The entire listing that follows must be repeated exactly, pictures excluded.

§ INFORMATION SHOWN
────────────────
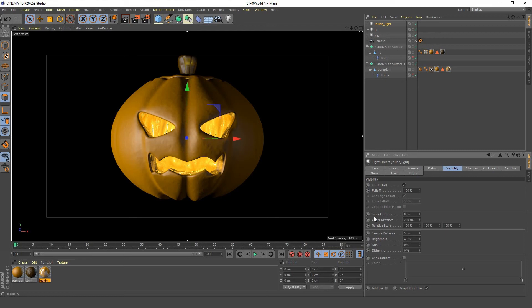Hope you learned a lot in part two of this tutorial. In the next video we're going to be creating a floor and a cool material to apply to it. See you in the next video.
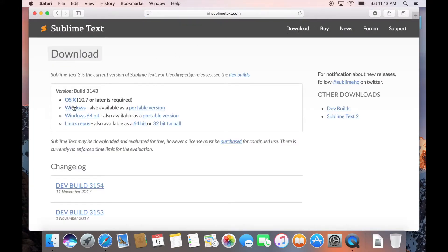In my case, I will simply click on the OS X download button, which is again highlighted, as the website is intelligent enough to know my operating system.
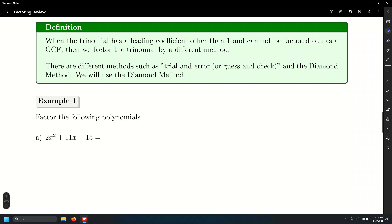There are a bunch of ways to factor trinomials for which the leading coefficient is different than 1 and can't be factored as a GCF. In high school, you may have learned guess-and-check or trial and error. If you're comfortable with that method, go ahead and use it. I'm going to show you the diamond method, which is more step-by-step and will for sure lead you to the final answer, rather than guessing and checking — because we're going to get ugly numbers with these and trial and error won't always be easy.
────────────────
§ PROBLEM SOLUTION
Hope you learned a lot in part two of this tutorial. In the next video we're going to be creating a floor and a cool material to apply to it. See you in the next video.
In my case, I will simply click on the OS X download button, which is again highlighted, as the website is intelligent enough to know my operating system.
There are a bunch of ways to factor trinomials for which the leading coefficient is different than 1 and can't be factored as a GCF. In high school, you may have learned guess-and-check or trial and error. If you're comfortable with that method, go ahead and use it. I'm going to show you the diamond method, which is more step-by-step and will for sure lead you to the final answer, rather than guessing and checking — because we're going to get ugly numbers with these and trial and error won't always be easy.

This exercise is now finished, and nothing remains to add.